Além disso, a perspectiva seqüencial de Apocalipse 19 e 20 é apoiada por uma série de características no contexto imediato. Em primeiro lugar, a referência de João de como a prisão de Satanás fará com que ele “não mais” engane as nações (Ap 20.3) liga esta visão ao contexto anterior de uma forma que sugere uma relação claramente seqüencial. Pelo fato de as palavras “não mais” indicarem que Satanás estava envolvido neste engano pouco antes de ser trancado no abismo – e pelo fato de Apocalipse 12 e 19 destacar repetidamente o engano satânico das nações que ocorrerá ao longo da segunda metade da tribulação (Ap 12.9; 13.14; 16.14; 18;23; 19.19-20) – esta referência a Satanás “não mais” enganar as nações durante os mil anos aponta para uma leitura cronológica de Apocalipse 19 e 20. Isto seria semelhante a uma narrativa que contivesse vários capítulos que descreve como um cão latia para um gato, seguido por um capítulo que, então, descrevia como um homem trancou o cão na garagem “para que ele não mais latisse para o gato”. A forma mais natural de ler tal narrativa seria ver este último capítulo como descrevendo um evento que ocorreu subsequentemente aos eventos descritos nos capítulos anteriores.

Em segundo lugar, a descrição do lago de fogo em Apocalipse 20.10 também sugere uma relação seqüencial. No tempo da segunda vinda, antes dos mil anos, a besta e o falso profeta serão “lançados vivos no lago de fogo que arde com enxofre” (Ap 19.20). Então, no final dos mil anos, Satanás será “lançado para dentro do lado de fogo e enxofre, onde já se encontram não somente a besta como também o falso profeta” (Ap 20.10; itálico adicionado). À luz desta descrição, a maneira mais natural de ler Apocalipse 19-20 é ver uma sequência cronológica em que (1) a besta e o falso profeta são lançados no lago de fogo (Ap 19.20); (2) Satanás está preso e selado no abismo por mil anos (Ap 20.1-6); (3) Satanás é solto após os mil anos e derrotado pelo fogo do céu (Ap 20.7-9); e depois (4) Satanás é lançado no lago de fogo onde a besta e o falso profeta já estão (Ap 20.10).

Em terceiro lugar, o conteúdo de Apocalipse 20.1-6 é simplesmente incompatível com a visão de que esta passagem supostamente seja uma descrição da era atual.
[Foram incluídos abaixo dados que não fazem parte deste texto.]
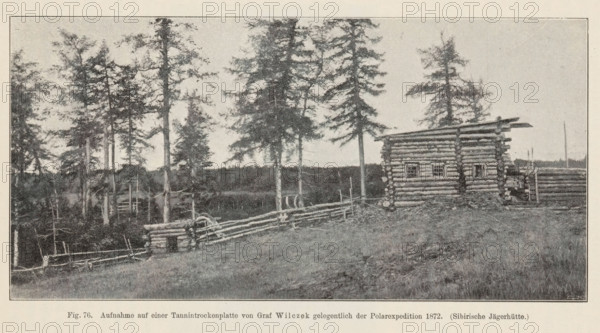 Exterior of a hunting hut in Siberia, Sibirische Jägerhütte, page, photomechanical print,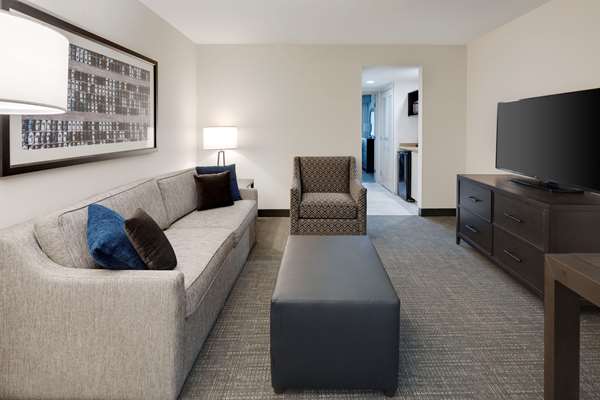  - Embassy Suites Troy - I-75, Exit 72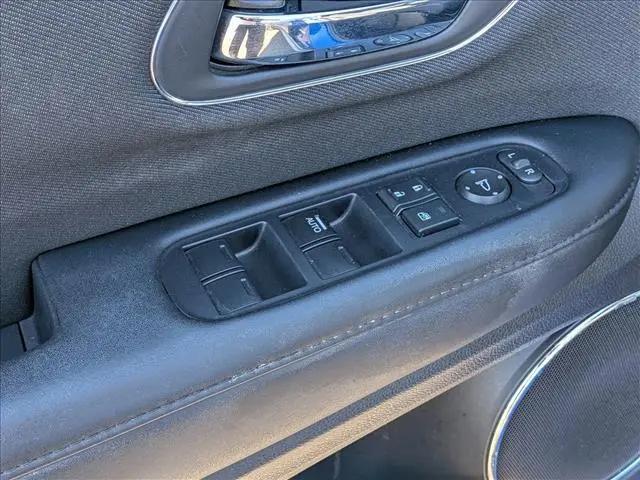2022 Honda HR-V 2WD EX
O aprisionamento de Satanás é futuro e não presente; a “primeira ressurreição” é física e não espiritual; e os mil anos são literais e não simbólicos. Por estas razões óbvias, o conteúdo da visão de João em Apocalipse 20.1-6 não admite a perspectiva da recapitulação e os eventos de Apocalipse 20 seguem [naturalmente] os de Apocalipse 19.


CONCLUSÃO
A divergência sobre o milênio provavelmente continuará por algum tempo, mas não por causa de uma falta de clareza em Apocalipse 20.1-6. Qualquer tentativa de argumentar a favor do Amilenismo ou Posmilenismo subestima a contribuição desta passagem ou rejeita a sua interpretação direta. Quando Cristo voltar à terra em glória, Satanás será lançado no abismo e lá confinado por mil anos. Durante este tempo, o Senhor Jesus estabelecerá o Seu reino milenar e reinará de Jerusalém em perfeita paz e justiça. Então, na conclusão dos mil anos, Satanás será solto do abismo, decisivamente derrotado, e lançado no fogo. Os ímpios serão julgados, a Terra será destruída, e novos céus e terra serão estabelecidos e continuarão por toda a eternidade. E desta forma, quando tudo houver sido dito e feito, o Senhor Jesus será vitorioso sobre tudo o que é mal.

– Matthew Waymeyer / Os Planos Proféticos de Cristo: Um guia básico sobre o Premilenismo Futurista – John MacArthur & Richard Mayhue – Cap. 6, Pág. 119-133.